:: Data shown ::

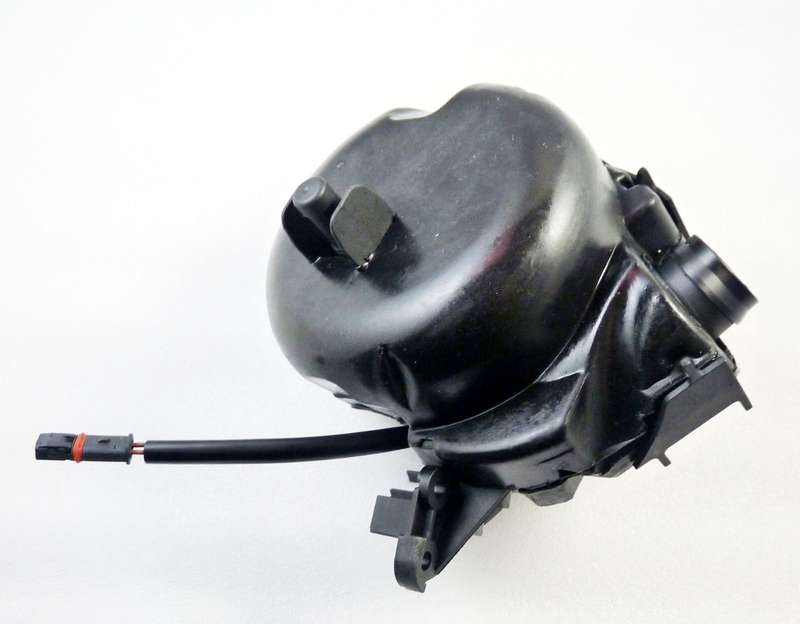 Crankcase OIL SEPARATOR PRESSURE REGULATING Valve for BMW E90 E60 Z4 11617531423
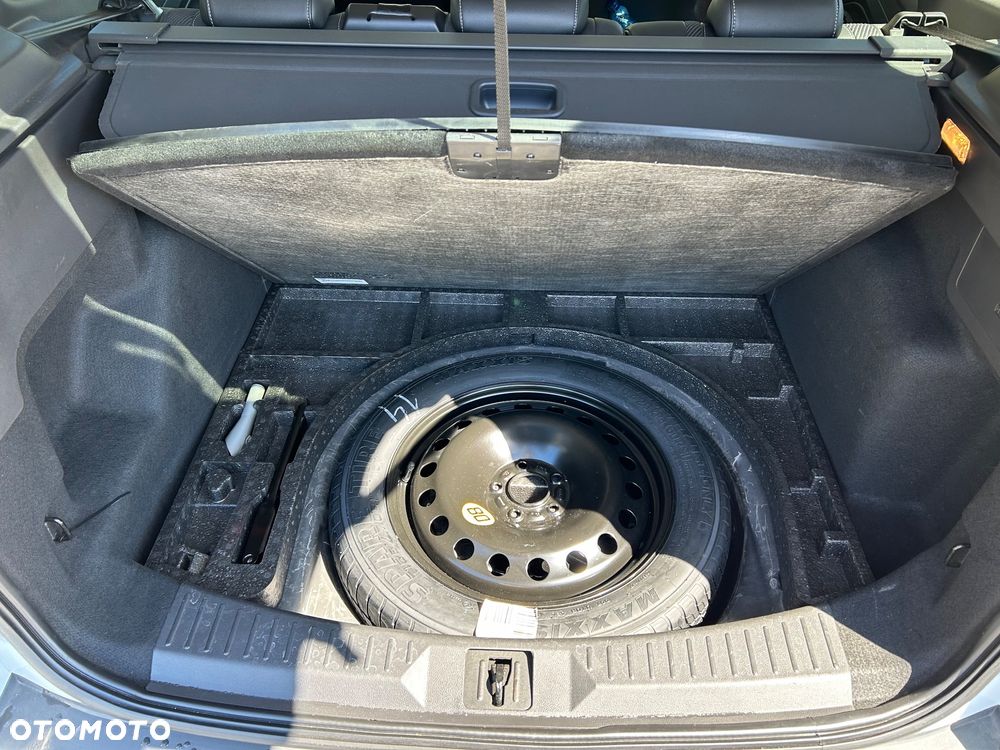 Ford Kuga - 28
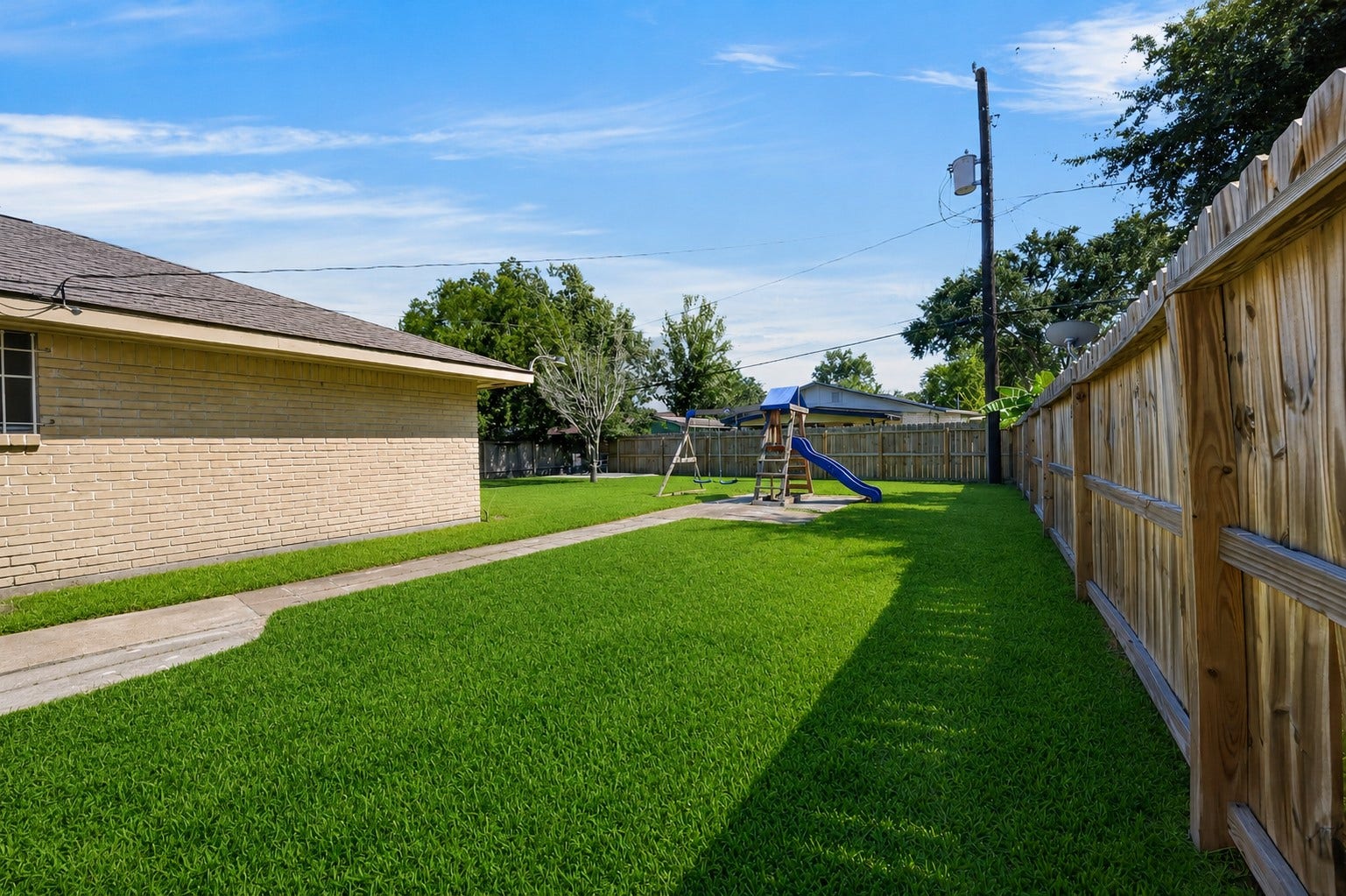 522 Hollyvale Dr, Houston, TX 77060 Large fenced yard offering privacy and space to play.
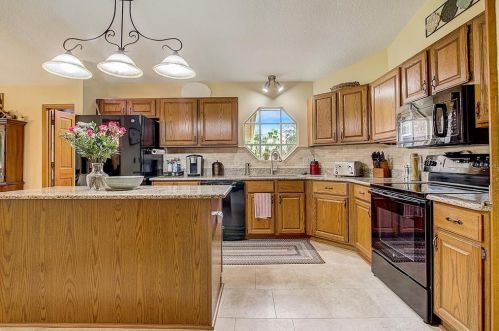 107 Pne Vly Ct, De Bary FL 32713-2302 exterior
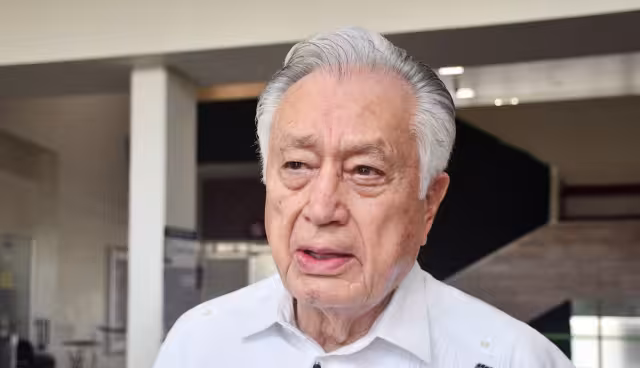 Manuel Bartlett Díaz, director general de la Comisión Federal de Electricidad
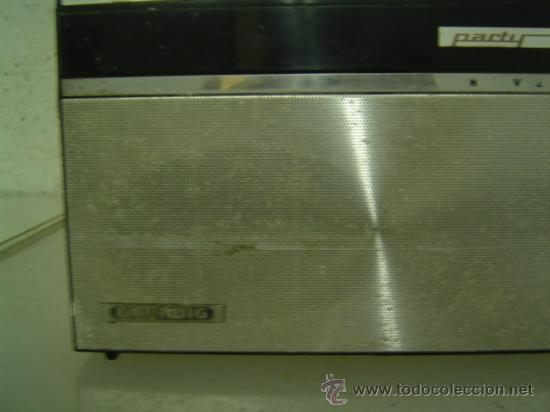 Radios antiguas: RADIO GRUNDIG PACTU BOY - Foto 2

:::

[What the exercise asks]: Take the material above and set it down exactly, minus the images.

[Response to this task]:
 Crankcase OIL SEPARATOR PRESSURE REGULATING Valve for BMW E90 E60 Z4 11617531423
 Ford Kuga - 28
 522 Hollyvale Dr, Houston, TX 77060 Large fenced yard offering privacy and space to play.
 107 Pne Vly Ct, De Bary FL 32713-2302 exterior
 Manuel Bartlett Díaz, director general de la Comisión Federal de Electricidad
 Radios antiguas: RADIO GRUNDIG PACTU BOY - Foto 2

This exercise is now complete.